I've written the following code in python that goes to the url in the array and finds specific info about that page - a web scraper of sorts. This one takes in an array of Reddit threads and outputs the score of each thread. This program almost never executes completely. Usually, i'll get through 5 or so iterations before receiving the error message below. Could someone please help me get to the bottom of this?
import urllib2
from bs4 import BeautifulSoup
urls = ['http://www.reddit.com/r/videos/comments/1i12o2/soap_precursor_to_a_lot_of_other_hilarious_shows/', 'http://www.reddit.com/r/videos/comments/1i12nx/kid_reporter_interviews_ryan_reynolds/', 'http://www.reddit.com/r/videos/comments/1i12ml/just_my_two_boys_going_full_derp_shocking_plot/']
for x in urls:
f = urllib2.urlopen(x)
data = f.read()
soup = BeautifulSoup(data)
span = soup.find('span', attrs={'class':'number'})

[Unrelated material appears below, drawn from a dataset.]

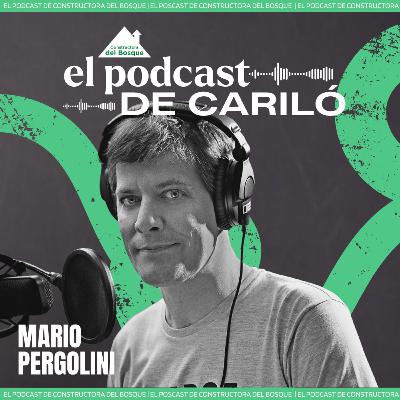 Mario Pergolini y su historia en Cariló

print '{}:{}'.format(x, span.text)
The error message I am getting is:
Traceback (most recent call last):
File "C:/Users/jlazarus/Documents/YouTubeparse2.py", line 7, in <module>
f = urllib2.urlopen(x)
File "C:\Python27\lib\urllib2.py", line 127, in urlopen
return _opener.open(url, data, timeout)
File "C:\Python27\lib\urllib2.py", line 410, in open
response = meth(req, response)
File "C:\Python27\lib\urllib2.py", line 523, in http_response
'http', request, response, code, msg, hdrs)
File "C:\Python27\lib\urllib2.py", line 448, in error
return self._call_chain(*args)
File "C:\Python27\lib\urllib2.py", line 382, in _call_chain
result = func(*args)
File "C:\Python27\lib\urllib2.py", line 531, in http_error_default
raise HTTPError(req.get_full_url(), code, msg, hdrs, fp)
HTTPError: HTTP Error 429: Unknown